Internet of Things relies on wireless sensor networks that requires a low but constant supply of electrical power. Electromagnetic energy harvesters can provide this that generates electricity from the environment.
A team of international researchers have used a mathematical technique involving finite element simulation to optimize the design of one such energy harvester to generate electricity efficiently.
The work is published in the journal EPJ Special Topics.
The Internet of Things comprises very large number of small, portable devices each of which requires its own sustainable source of micro energy. Batteries do not work for this as they often need to be replaced or recharged.
Among several technologies considered instead, electromagnetic energy harvesting as emerged to be most promising.
Structurally, an electromagnetic energy harvester comprises a vibrating plate that holds an array of micromagnets that faces and is coupled with a parallel, static coil. The vibrating magnets generate electrical energy and the amount of electricity that can enter a circuit depends on the design of the magnet and coil and spacing between them.
The team studied a system in which magnets used were NdFeB type.

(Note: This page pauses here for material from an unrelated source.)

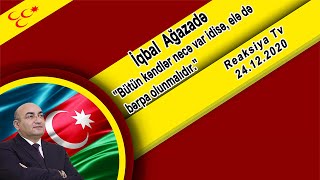 İqbal Ağazadə:\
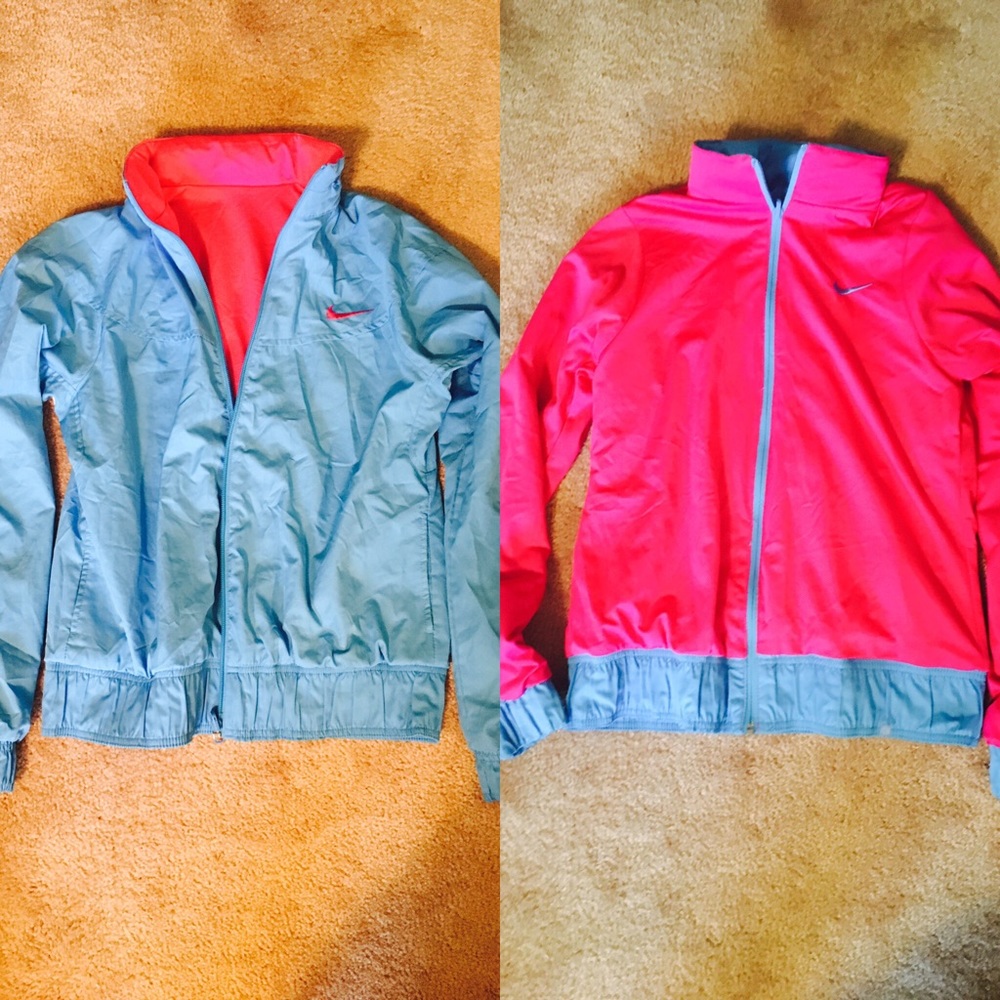 Reversible Nike FIT DRY Zipper Jacket Small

The NdFeB type magnet is composed of an alloy of rare earth metal neodymium along with boron and iron.
Importantly, a trade-off between spacing of the magnets and number of coils in the array, could optimize power; reducing the distance between array and coil and increasing the thickness of magnets could also increase power, found the research team.
Using the guidelines that are developed through the study harvesters are being produced, explained the lead associate of the study. The devices are likely to prove useful in the automotive, aerospace, and biomedical sectors and other industry sectors that are increasingly relying on the Internet of Things.